Tuesday, September 21, 2010

Decoupling tests with .NET 4

Recently, I was struggling with an annoying smell in some tests I was writing and found a way to use optional and default parameters to decouple my tests from the object under test's constructor.  Not too long ago, Rob Conery wrote about using C#'s dynamic keyword to do all kinds of weird stuff.  When I was running into these issues with those tests, I took a look at what he'd been playing with.  Nothing there jumped out, but it lead to the optional parameters.

Specifically, I was TDDing an object that had many dependencies injected through the constructor.  Basically what happened was each new test introduced a new dependency, which causes the previous tests to have to be updated.  For example:
[Test]
public void Test1()
{
  var testobj = new Testobj( new Mock<ISomething>().Object );
}
I'm using moq here, and creating a default partial mock, which takes care of itself.

Then I write the next test:
[Test]
public void Test2()
{
  var setupMock = new Mock<ISomething>();
  // setup the mock
  var testobj = new Testobj( setupMock.Object, new Mock<ISomethingElse>().Object );
}
Notice this test has introduced a new dependency, ISomethingElse.  Now the first test wont compile, we have to go update it and add the mock for ISomethingElse.  This will continue with each test that introduces a new dependency causing every previous test to be updated.

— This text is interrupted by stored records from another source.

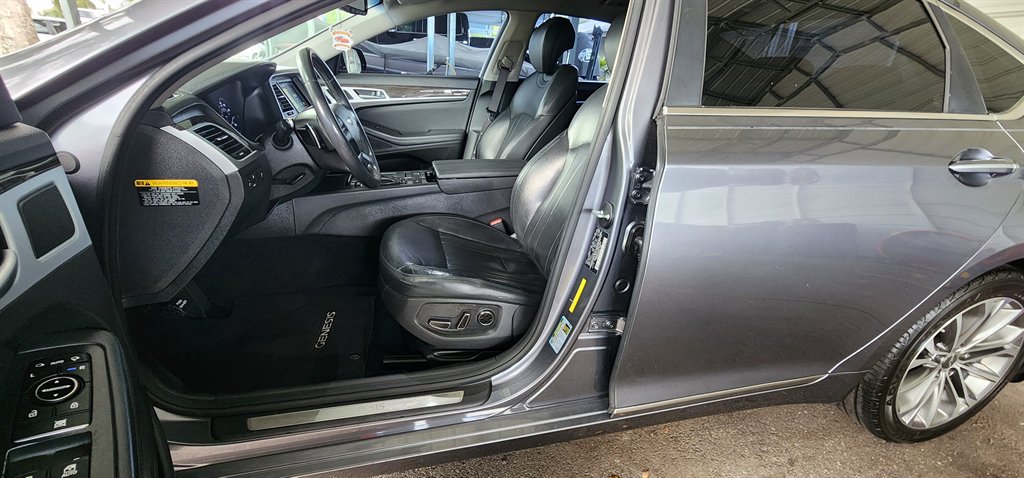 2015 Hyundai Genesis - $9,995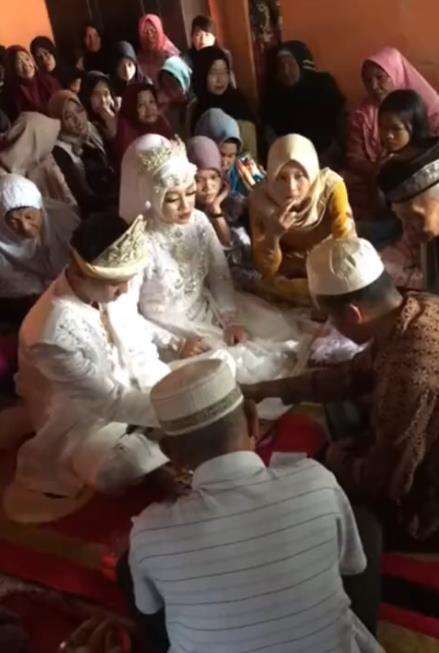 Viral pengantin wanita kena gaplok tamu saat akad nikahnya.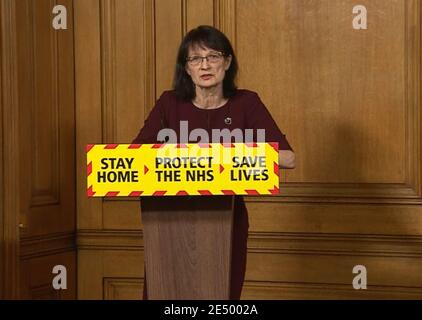Screengrab der stellvertretenden medizinischen Leiterin des Gesundheitswesens, Dr. Jenny Harries, während einer Medienbesprechung zum Coronavirus (COVID-19) in Downing Street, London. Bilddatum: Montag, 25. Januar 2021. Stockfoto
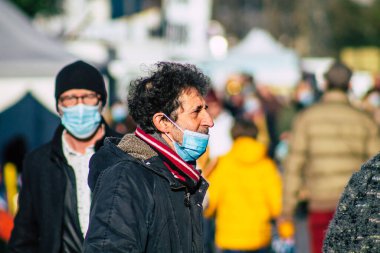 Reims France 28 Kasım 2020 Coronavirus salgını sırasında Fransa 'da maskeli kimliği belirsiz insanların alışveriş yaptığı görüldü.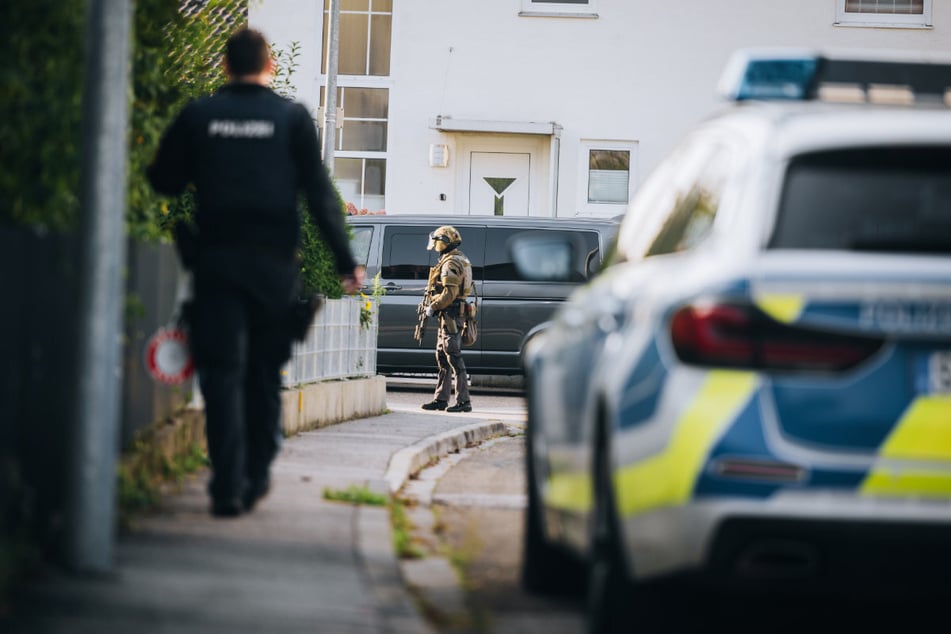 Spezialkräfte unterstützten die Beamten bei der Suche nach den Verdächtigen. Drei Personen wurden festgenommen.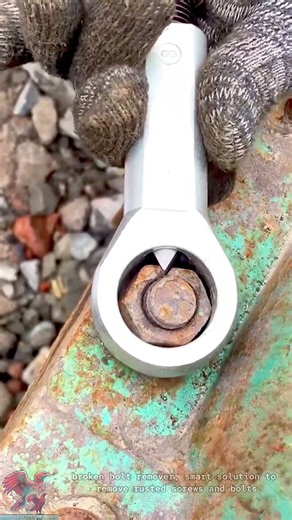 Super effective bolt breaking tool #tools #shorts #viral #creative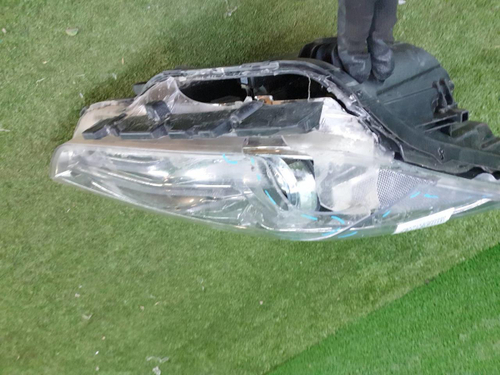 Битая Фара правая Genesis G70 (2017-2021) LED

You could simply refactor the constructor into a helper method so you only have to change it in one place.  But this doesn't work so well when the tests are passing in their own mocks.  You'd need lots of helper methods with lots of different method overloads.  Enter optional and default parameters!
public Testobj BuildTestobj(Mock<ISomething> something = null, Mock<ISomethingElse> somethingElse = null )
{
  return new Testobj(
    ( something ?? new Mock<ISomething>() ).Object,
    ( somethingElse ?? new Mock<ISomethingElse>() ).Object );
}
Now we can update the tests:
[Test]
public void Test()
{
  var testobj = BuildTestobj();
}

[Test]
public void Test2()
{
  var setupMock = new Mock<ISomething>();
  // setup the mock
  var testobj = BuildTestobj( something = setupMock ); }
Simple, clean, refactor friendly, and your tests are now nicely decoupled from the constructor's method signature!